If you’re caring for an aging loved one, you may have wondered what you’ll do when they can’t make their own decisions. Your loved one may already be losing their ability to make sound decisions on their own.
I’m going to explain the differences between the following options and when each one is appropriate:
- Power of Attorney
- Medical Proxy
- Advance Directive
- Representative Payee
What is Guardianship and Why is it so Expensive?
If you’ve considered guardianship, I’m sure you had sticker shock when you saw how much it costs!
Guardianship is a legal order made by a judge. Granting guardianship is very serious. A judge has to decide that an adult is no longer able to make their own decisions and give that power to someone else. This takes a lot of time and effort by the courts – and that’s a good thing. Guardianship limits the rights of the person under guardianship. This means that judges want to make sure that only people who truly need guardianships have them.
Judges grant guardianship when someone already has limited capacity to make decisions. There are a lot of reasons that a person may be in this situation. Some reasons include:
- Intellectual or developmental disability
- Brain injury
Not everyone with these conditions has limited capacity. Also, not everyone with limited capacity needs a guardian.
Conservatorship vs Guardianship
Conservatorship is like guardianship because it’s granted through a court order. Not everyone who has a guardian needs a conservator though. A conservator manages the estate of a person with limited capacity. An estate includes things like:
- Investment portfolios
- Insurance policies
- Personal property
A person may benefit from conservatorship if they have significant assets. Professional conservators are knowledgeable about financial matters and legally required to act in their client’s best interest, so they can wisely manage your loved one’s assets.
If your loved one doesn’t have many assets, a judge may allow their guardian to manage their assets as well. A judge might also assign a relative as a conservator instead of a professional. It all depends on your state’s laws and your loved one’s financial situation.

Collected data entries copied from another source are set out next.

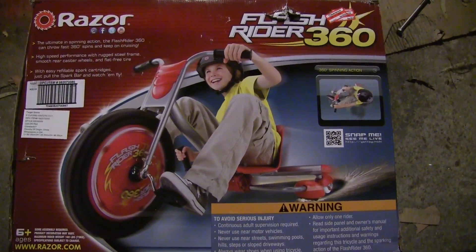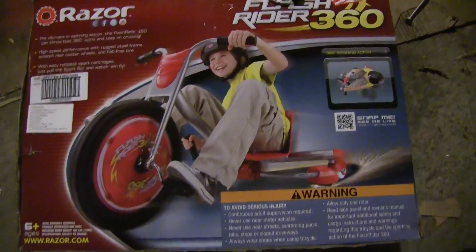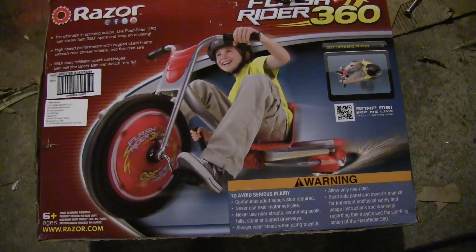This is the Razor Flash Rider 360. We got it at Target for $29.99. We took all the dumb pretty stuff off it and stripped it down to make it into just an elemental drift trike.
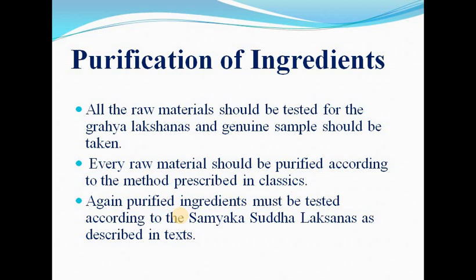Purification of ingredients: all raw materials should be tested and genuine samples taken. Every raw material should be purified according to the method prescribed in the classics. Purified ingredients must be tested according to the Samyak Suddhalakshana as described in the text.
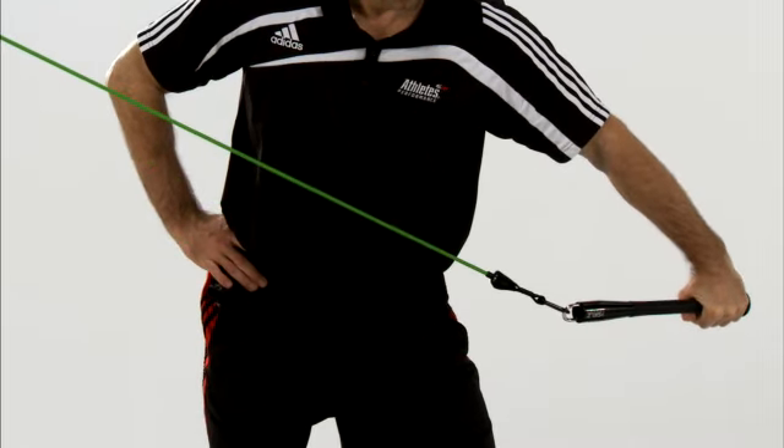So if you want to better integrate your hips, torso, and shoulders, and add some wrist stability, use the Stability Chop One-Arm Drill.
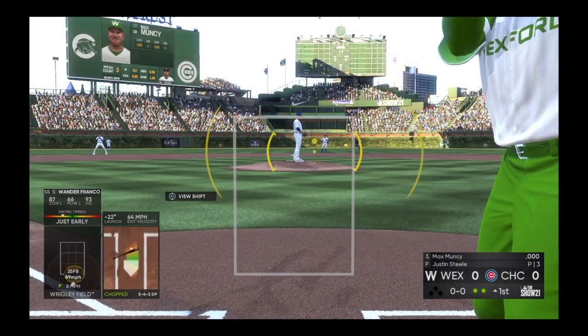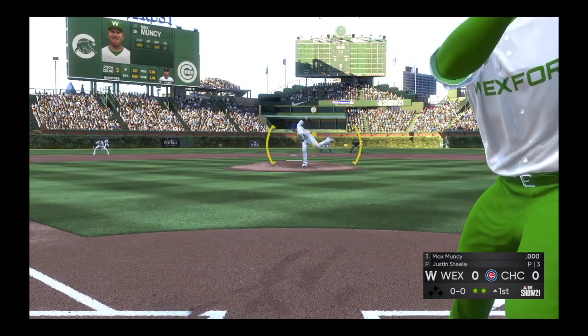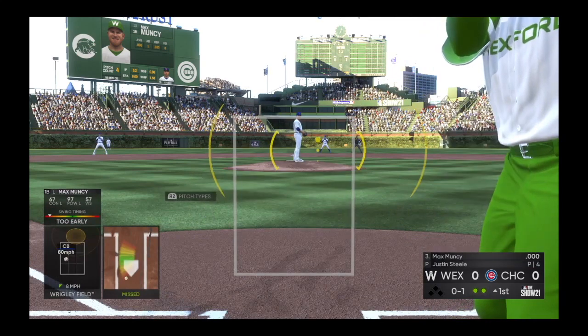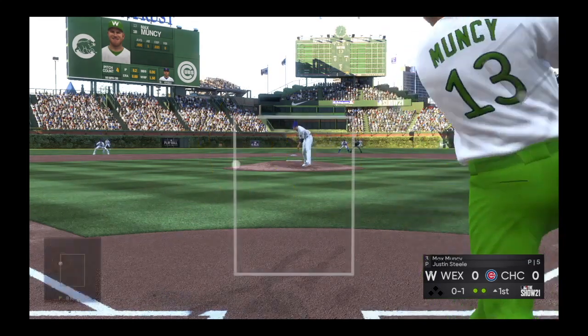Bases empty, two away, and that'll bring up the big bat of Max Muncy. First delivery to him — he gets a good curveball here to start the at bat. It's strike one. Put that in the memory bank: first time he breaks out a curveball right there, and it's a pretty good one.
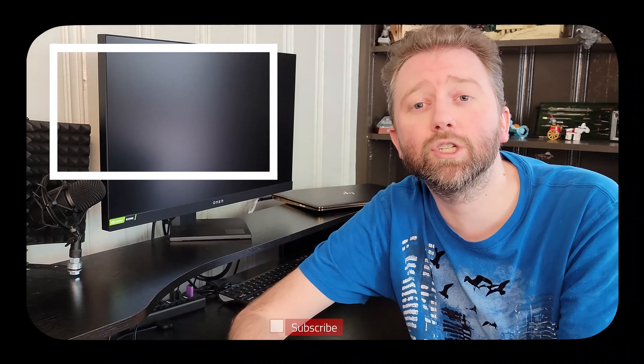Be sure to hit that like button on the video — it really does help out. If you have not subscribed yet, go ahead and hit that subscribe button, and hit the notification bell if you want to get notified when new videos come out on this channel.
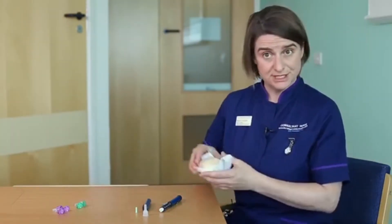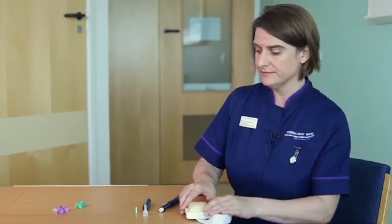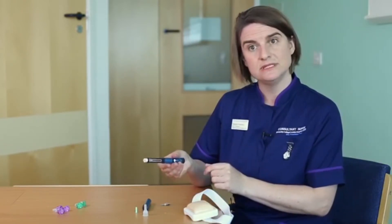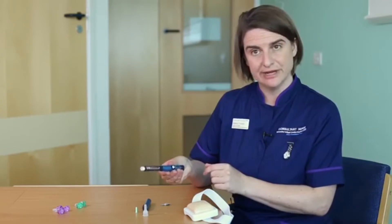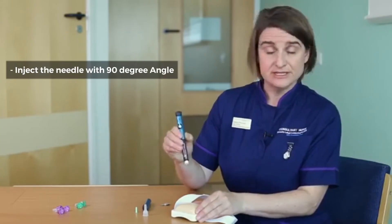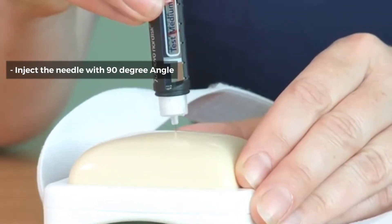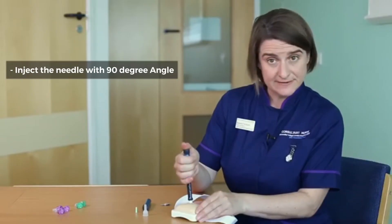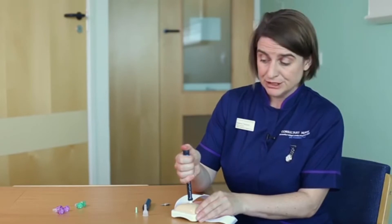So I'm going to use this injection device to demonstrate. Picking up your pen, you need to remember to dial the number of units that you're going to give. You're going to go in at a 90 degree angle, and then once you've injected into the skin, move your thumb to the end of the pen and push down.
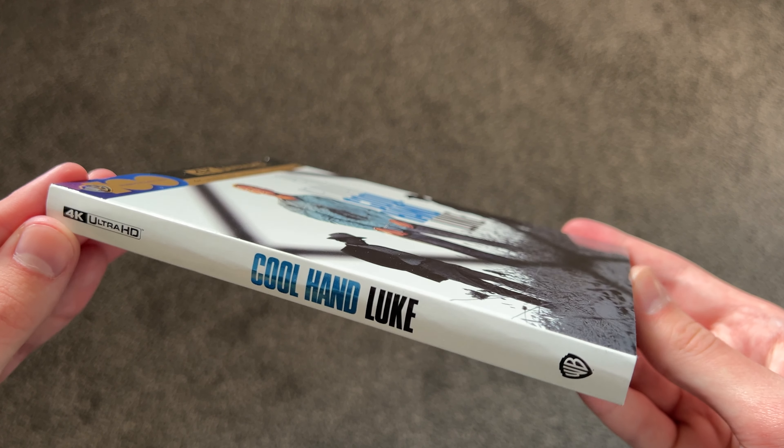I've seen this movie just once, for the first time maybe about two years ago, but it's a great movie. I think Paul Newman's a great actor. Happy to add this to the collection — it was only $9.99. Really nice release here. I've heard the 4K transfer is pretty good, so looking forward to revisiting this one pretty soon.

When is Power of Attorney an Option?
You can avoid the need for guardianship in the future if your loved one can currently make decisions. A popular alternative is Power of Attorney (POA). Many families choose POA for several reasons.
Benefits of POA:
- It’s inexpensive or free
- Your loved one can choose the person who will represent their wishes
- Your loved one can make their preferences known
- You can put one in place long before you need it
- You won’t need to involve the courts
Your loved one MUST be able to understand and consent at the time the POA is put in place. POA is an agreement between you and your loved one. You are agreeing to carry out your loved one’s wishes if they are ever unable to do so. They are agreeing to allow you to make decisions on their behalf if they cannot make decisions.
POA has two big requirements. First, your loved one must have the capacity to agree to the POA. Second, they must lose capacity before the POA grants you any authority. You may put a POA in place and have it never take effect.

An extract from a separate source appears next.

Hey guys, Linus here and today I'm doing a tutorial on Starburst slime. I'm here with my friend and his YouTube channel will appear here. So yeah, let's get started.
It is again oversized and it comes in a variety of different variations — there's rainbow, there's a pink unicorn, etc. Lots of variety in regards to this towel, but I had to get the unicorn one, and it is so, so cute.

POA usually covers decisions about housing and some financial decisions. The specifics depend on the state you live in and what you include in the document you sign. Make sure you have your POA agreement notarized.
What is Medical Proxy, Medical POA, and an Advance Directive?
Medical Proxy and Medical POA are the same thing. It is like POA but applies only to medical decisions. A Medical Proxy has the authority to make medical decisions only if the other person can’t do so.
An Advance Directive is a document where your loved one lists treatment preferences. An Advance Directive asks difficult but important questions about things like:
- Life support
- Tube feeding
An Advance Directive allows your loved one to make their own end-of-life decisions. It also allows you the peace of mind of knowing that you’re carrying out their wishes. In some states, the Advance Directive includes a section where you can appoint a Medical Proxy.
I Have POA, but Social Security Won’t Talk to Me! Now What?
The Social Security Administration (SSA) is very strict and doesn’t recognize POA. The SSA will only talk to you if you become your loved one’s Representative Payee. You may want to become a Representative Payee if your loved one needs help managing SSI or SSDI benefits.
The good news is that it isn’t difficult to become a Representative Payee. It’s a decision made by the SSA, and you don’t need to petition a court. The powers and responsibilities of a Representative Payee are very specific. The SSA has a handy booklet that will tell you everything you need to know.
Where Should I Start?
Start talking about these options if your loved one still has the capacity to make decisions. You can help your loved one decide if they want to appoint a POA and/or a Medical Proxy. You can help them complete an Advance Directive. Most importantly, you can start to understand what your loved one wants. This will allow you to help them achieve their goals, even if they someday can’t express them.
You might think about guardianship if your loved one can no longer make decisions. However, this also might not be necessary. Do they have an Advance Directive that you can follow? Does everyone in their immediate family (spouse, adult children) agree about end-of-life decisions? If your loved one has significant assets, you might also think about conservatorship.
If you think guardianship or conservatorship is necessary, contact an elder law attorney. They can help you through this complicated process.